Let $ \mathcal{M} $ be the algebraic structure that consists of $ \mathbb{Z}^+ [ x ] \backslash \{ 0 \} $ equipped with the usual product. Let $ M = \mathbb{Z}^+ [ x ] \backslash \{ 0 \} $.

We have that:

1. $ \mathcal{M} $ is a commutative cancellative monoid;
2. for every nonempty $ S \subseteq M $, $ S $ has a minimal element with respect to the divisibility relation on $ \mathcal{M} $ (i.e., there exists $ s \in S $ such that, for every $ t \in S \backslash \{ s \} $, $ t $ does not divide $ s $ on $ \mathcal{M} $); and
3. every pair of elements of $ M $ has a greatest common divisor on $ \mathcal{M} $.
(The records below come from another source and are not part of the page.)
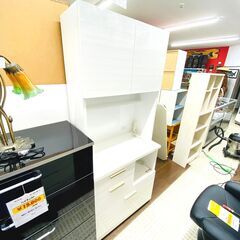 12/9ニトリ 食器棚 ソレル80KB ホワイト キッチン収納 家具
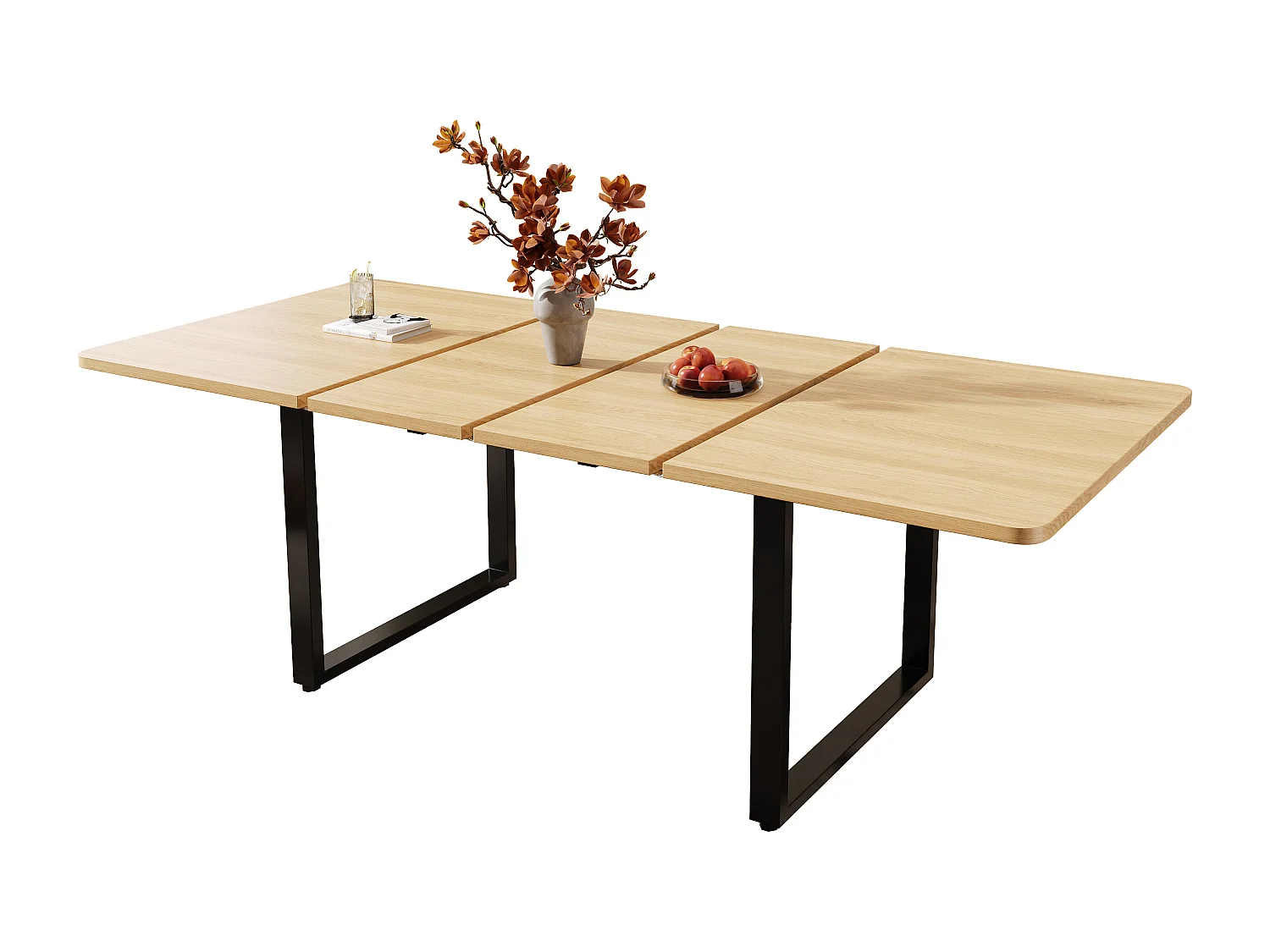 Table à manger extensible - 140/180/220 x 90 x 75 cm - pour 6 à 10 personnes - pieds en métal - MDF - naturel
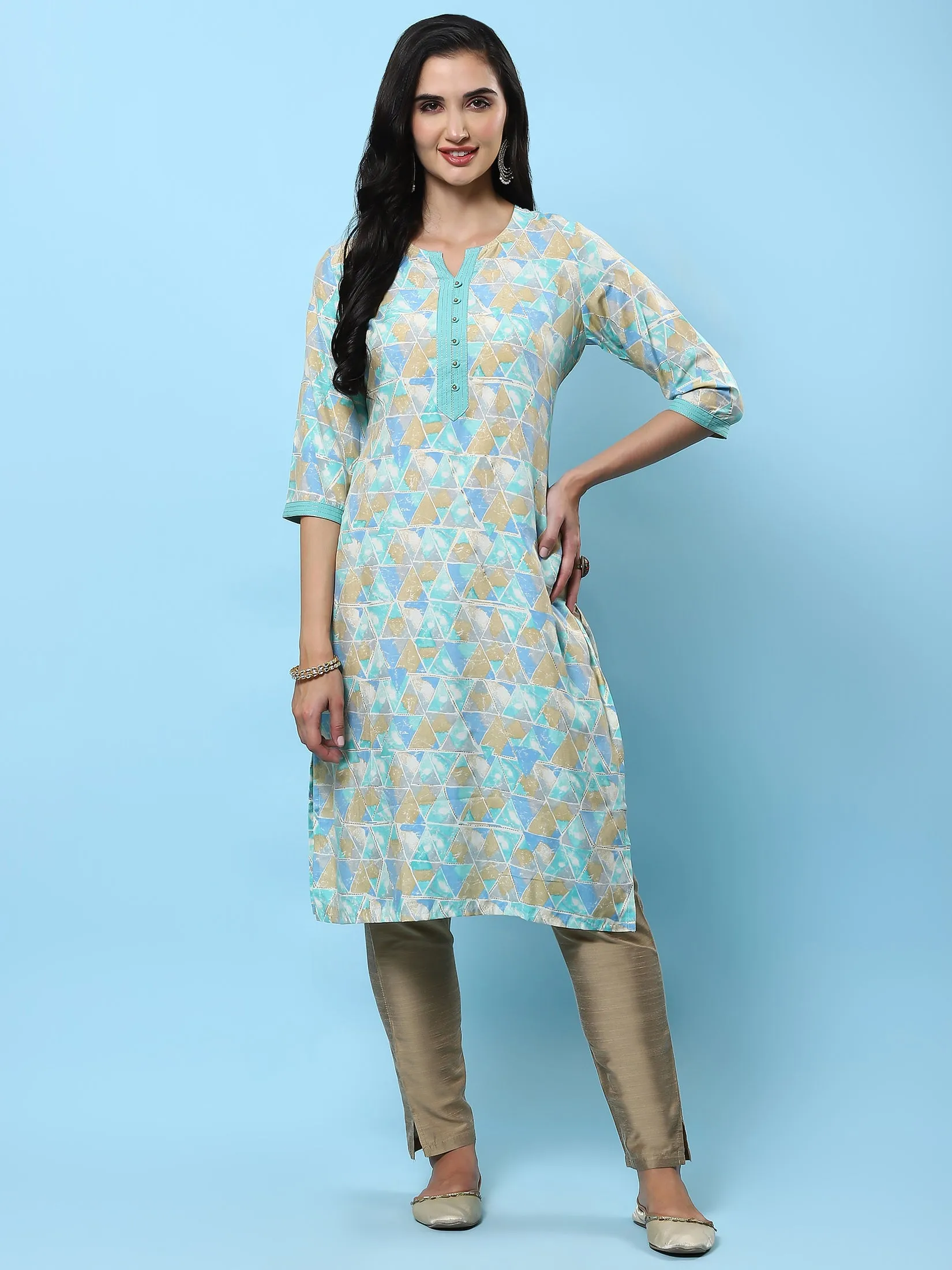 Women Blue Abstract Printed Kurta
Therefore, $ \mathcal{M} $ is a unique factorization monoid.

However, $ ( 1 + x + x^2 ) ( 1 + x^3 ) = ( 1 + x^2 + x^4 ) ( 1 + x ) $; and $ 1 + x + x^2 $, $ 1 + x^3 $, $ 1 + x^2 + x^4 $, and $ 1 + x $ are prime on $ \mathcal{M} $.

Where is the mistake?

Answer 1

Let $ a ( x ) = 1 + x $, $ b ( x ) = 1 + x^3 $ and $ c ( x ) = 1 + x + x^2 $.

There does not exist a greatest common divisor of $ a ( x ) b ( x ) $ and $ c ( x ) b ( x ) $ on $ \mathcal{M} $.

The polynomials $ a ( x ) $ and $ b ( x ) $ are common divisors of $ a ( x ) b ( x ) $ and $ c ( x ) b ( x ) $ on $ \mathcal{M} $, but they do not divide each other on $ \mathcal{M} $ (note that $ a ( x ) ( x^2 - x + 1 ) = b ( x ) $, but $ x^2 - x + 1 $ does not belong to $ M $).